House debates

Thursday, 8 September 2022

Bills

Climate Change Bill 2022; Consideration of Senate Message

4:06 pm

Photo of Ted O'BrienTed O'Brien (Fairfax, Liberal Party, Shadow Minister for Climate Change and Energy) Share this | Hansard source

Today is the day that the Labor Party's climate change policy comes to fruition and into legislation. They took this policy to the Australian people, a policy that included not one but two key targets. The first target was a 43 per cent reduction in emissions by 2030. The second target was a reduction in household power bills of $275. It was based on this climate policy that the new government came to power, looking the Australian people in the eye and promising them that they would not only reduce emissions more than the former coalition government but also reduce power prices more than the coalition government—the coalition government, by the way, that achieved an extraordinary performance on both counts; a coalition government that saw emissions reduce by over 20 per cent on 2005 levels and a coalition that ensured that power prices came down by 10 per cent over the last term of government, with power prices coming down for both households and businesses. But the Labor Party went to the Australian people and they said to them, 'We can do better.' Not only did they promise to get emissions down further; they also promised that prices would come down further.

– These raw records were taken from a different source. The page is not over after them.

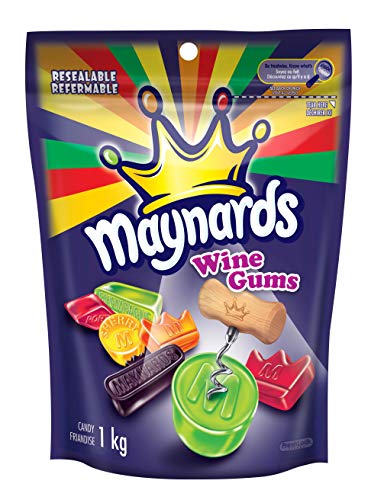 Maynards Wine Gums - 1Kg #TOP2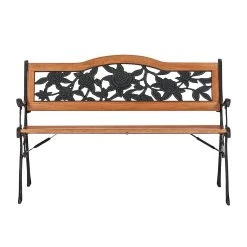 Jardi Gartenbank Bellevue - Gusseisen/Massivholz -Gartenbänke Verkäufe gartenbank bellevue massivholz 352161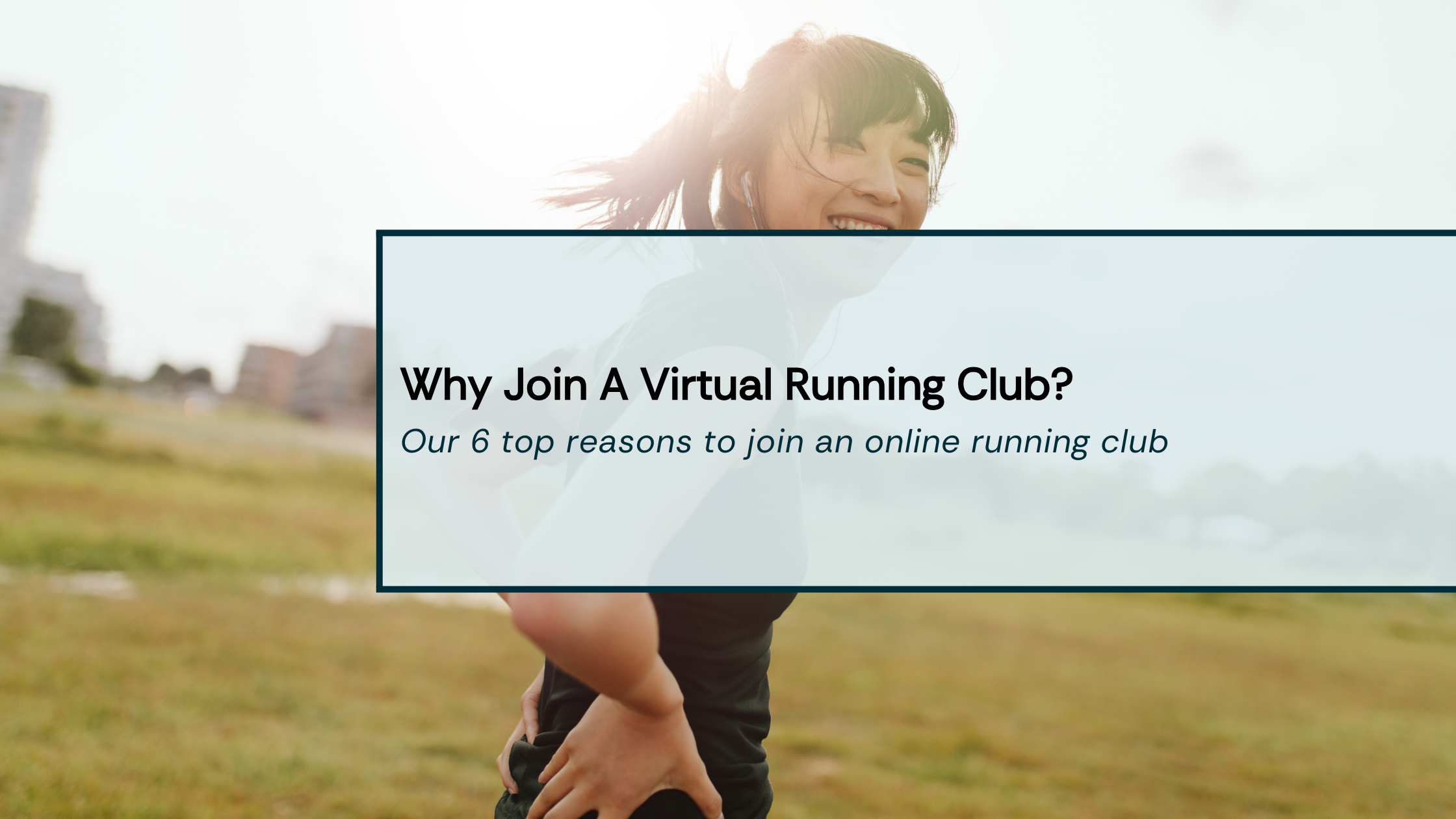 6 reasons to join a virtual running club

But, as we are here today, with the Labor Party celebrating the Greens-Labor legislation, the Albanese-Bandt government's legislation, we have households throughout this country who are opening up their power bills, and what do they see? Higher prices—prices that are going through the roof. There are probably business owners, people who have invested their own money into their businesses, listening to this very debate and hearing the celebrations of the Labor Party, despite having told them that they will reduce their power prices, but their power prices are going up. We are talking to businesses today that might have to close their doors because of the power prices. And this Labor government have no solutions—none whatsoever. The only thing they bring into the House by way of this legislation today is the claim of 43 per cent—something they had already advised the United Nations on. We had the minister himself standing up—he had gone public before showing this bill to the House—and saying that the bill was not necessary, and yet in it comes.

We saw over the last month, through the Senate inquiry, the very concerns that we had raised in this House being confirmed. The department, under the minister, had done no work on modelling the impact of this bill, especially on rural and regional communities. For any regional and rural community, any resident of regional or rural Australia, this government, this minister and his department have not done their homework.